L'obiettivo del Libyan Energy Fund, il fondo sovrano che avrebbe dovuto acquisire la partecipazione in ENI, era di giungere ad ottenere il 10% a fronte di un esborso di circa 6 miliardi di euro. Operazione vantaggiosa per entrambe le parti: la Libia avrebbe rafforzato i legami con un'azienda che estraeva nel paese 800 mila barili di petrolio al giorno (di cui 300 mila di esclusivo utilizzo dell'ENI) investendo parte dell'ingente liquidità accumulata con la vendita di greggio in una delle più redditizie imprese industriali italiane; l'ENI avrebbe consolidato i rapporti con un paese in cui è presente fin dalla fine degli anni '50 con attività di grande valore strategico.

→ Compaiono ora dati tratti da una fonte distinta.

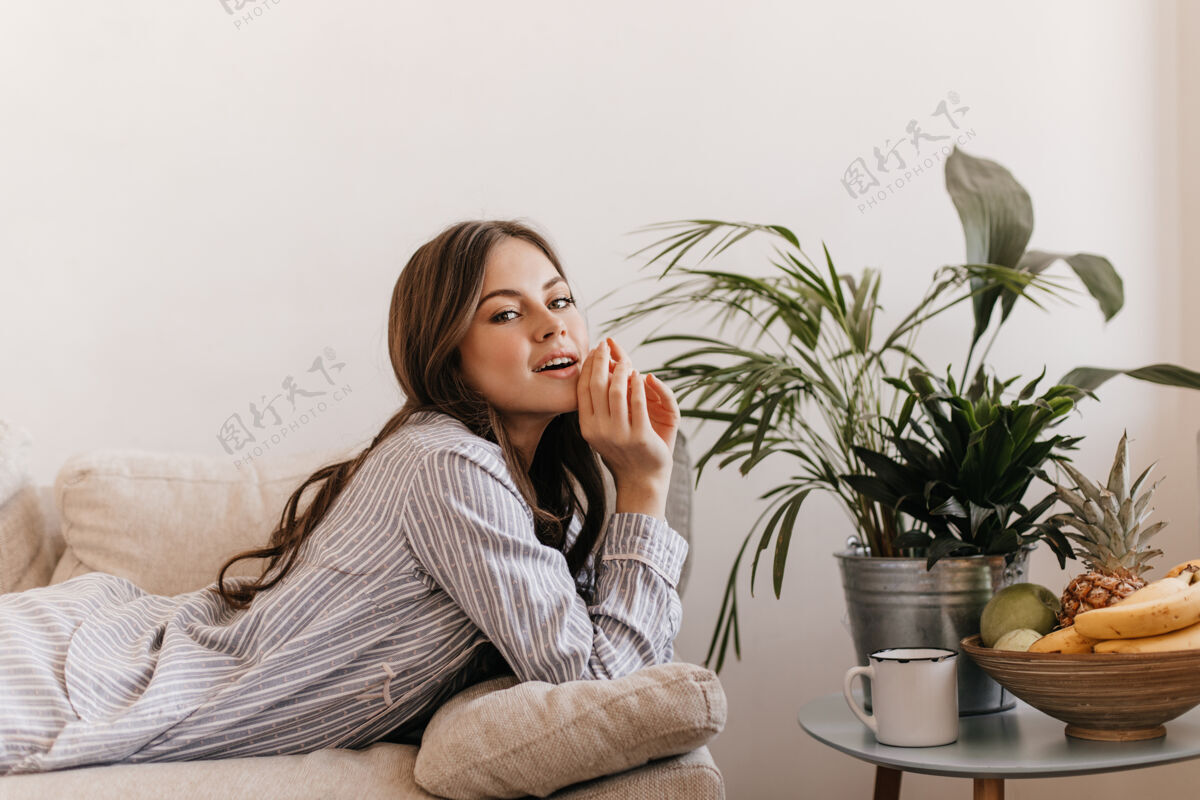 坐着穿着条纹睡衣的女士在客厅休息女士躺在水果盘旁边的沙发上孤独休息漂亮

La Libia rappresenta per l’ENI il primo paese di produzione su scala mondiale che lì, in prospettiva, aveva stimato investimenti per 15 miliardi di euro. Nel 2010 l'ENI aveva concluso un accordo strategico con la società di Stato libica LNOC, che le ha consentito di prolungare fino al 2042 la durata dei suoi titoli minerari per l'estrazione di petrolio e fino al 2047 quelli per l'estrazione di gas. Il fondo libico sarebbe quindi diventato il secondo azionista dell’ENI dopo lo Stato italiano, che ne possiede il 30% ed esercita sul gruppo una serie di poteri speciali attraverso il ministero dell'Economia e quello dello Sviluppo. Oltre all’ENI la Libia si era dimostrata interessata a Telecom, Impregilo, Terna e Generali e ad altre 4-5 grandi aziende di altri settori”.

La prima partecipazione libica in Italia avvenne nel 1976. La Libia attraverso la Lafico (Libyan Arab Foreign Investment) entrò nel capitale di una FIAT in forte crisi con una quota iniziale di circa il 9,7%, fornendo liquidità fondamentale per il rilancio dell’azienda torinese.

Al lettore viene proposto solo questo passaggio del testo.